While one might think VS Code is "just a webapp", it's really a IDE micro-services architecture and operating outside of architectural boundaries comes with VS Code Platform incompatibility as well as delivery/packing tradeoffs.

sourishkrout commented 2 weeks ago

Here's a diagram illustrating how I would like to deploy RunMe.

One light-lift option for a serverless deployment could be VS Code's tunneling capabilities. And, code-server (by Coder) or the Theia project might have some more flexible answers which I haven't fully explored.

E.g. The GHA we've built that let's you drop into a tunneled VS Code like a "breakpoint" in workflow: https://github.com/stateful/vscode-server-action/blob/main/src/main.ts#L45-L51

I believe MSFT's licensing restricts the tunnels for non-commercial use but otherwise should allow for open/public delivery.

Not saying we don't want "serverless" ourselves, however, just trying to offer alternatives that are available "now".

sourishkrout commented 2 weeks ago

VPC perimeters and bastion nodes

Enterprise infrastructure usually lives within a secure VPC. This means to run the steps in a playbook (e.g. kubectl, gcloud, awscli commands etc...), you usually have to tunnel into a machine within the perimeter.

With the proposed architecture users could open up RunMe notebooks in their browser and then execute those commands inside a machine inside the VPC via RunMe's GoLang server.

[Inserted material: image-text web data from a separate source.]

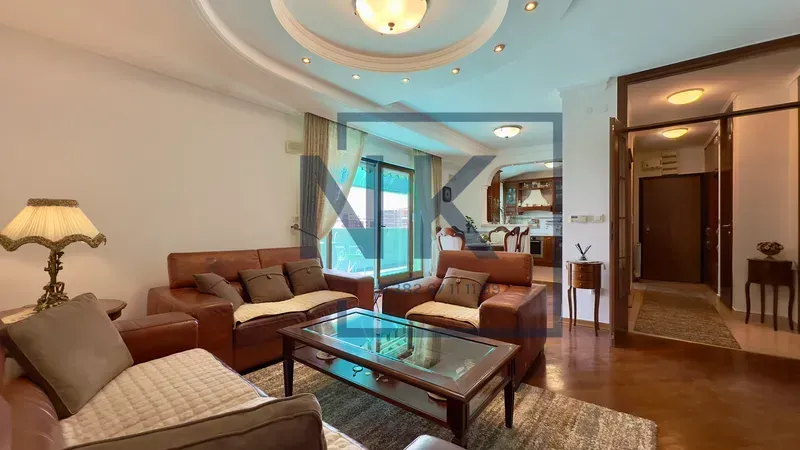 Prodaja, trosoban stan, 130m², Stari Aerodrom, Podgorica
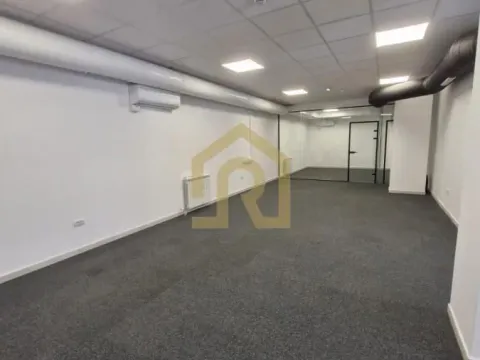 Izdavanje, poslovni prostor, 139m², Banovo Brdo, Beograd - image 4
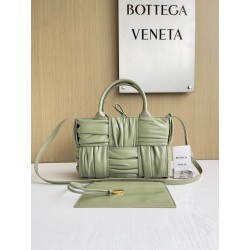 보테가베네타 Bottega Veneta Candy Arco 토트 백 729029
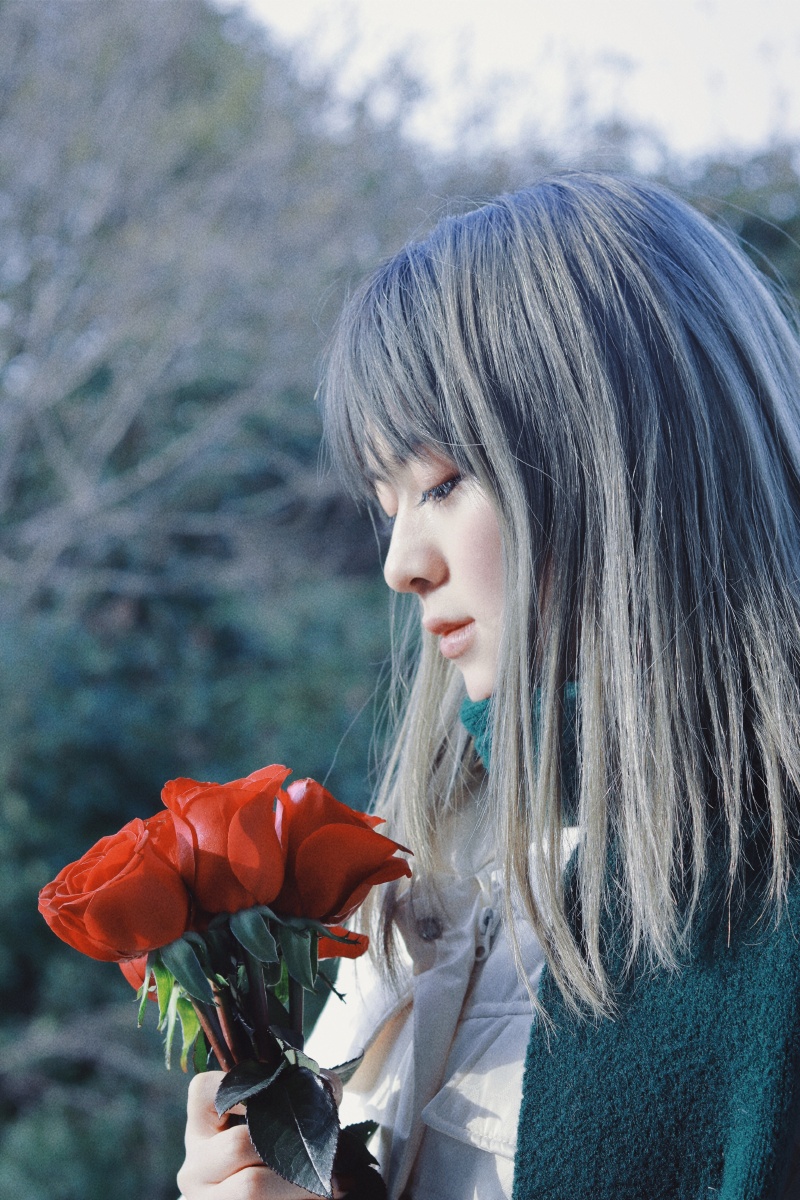 冬日玫瑰出镜模特小越越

The notebooks would be stored locally.

Reproducible / Containerized Environments

A major headache today with operations is that each developer has to install and configure all the tools used in playbooks. The above architecture means this can be replaced with containerized environments provisioned with role accounts. All that needs to be installed on the client is a browser and network access.

Remote Debugging

When troubleshooting problems with VMs or Containers its often necessary to execute commands within those containers or environments. The above architecture would mean we could start the RunMe server inside the target (E.g. as a K8s ephemeral container) and then execute parts of our playbooks inside that machine.

Runme by extension VS Code's Remote Development capabilities supports these scenarios in multiple ways. They are well maintained by MSFT and Docker and have whether we "believe" it or not come with credibility of Microsoft' & Docker's brands.

  1. Attach VS Code to Bastion via SSH: https://docs.runme.dev/how-runme-works/runme-via-ssh#how-to-set-up-ssh-connection-in-vs-code No change in the Runme notebook UX changes, except that now the host system is your jumphost.

  2. First-class Devcontainer Support: https://docs.runme.dev/guide/devcontainer I call this "opscontainer" but the idea is the same as SSH. Instead of the bastion host, you run against a locally hosted container.

While we are open to improve the engineer's experience we're "trying" really hard to build on existing open standards and leverage all the benefits that come with it.

Btw, here's an example repo from a recent talk I've given at Rejekts: https://github.com/stateful/rejekts-eu-2024

jlewi commented 2 weeks ago

Thanks that's useful context.

So I think the partial work around today would be to use the vscode option in RunMe to specify the gRPC address of the RunME server and use a remote server. I would still use vscode locally. I plan on experimenting with this soon.

This is different from VSCode in ssh because the filesystem where notebooks are stored and the server where commands are running are colocated.

sourishkrout commented 2 weeks ago

So I think the partial work around today would be to use the vscode option in RunMe to specify the gRPC address of the RunME server and use a remote server. I would still use vscode locally. I plan on experimenting with this soon.

This is different from VSCode in ssh because the filesystem where notebooks are stored and the server where commands are running are colocated.

Please let me know how that goes. Another experiment you could give a try is to run Runme's kernel server through an SSH tunnel which is likely not so different than using a remote socket.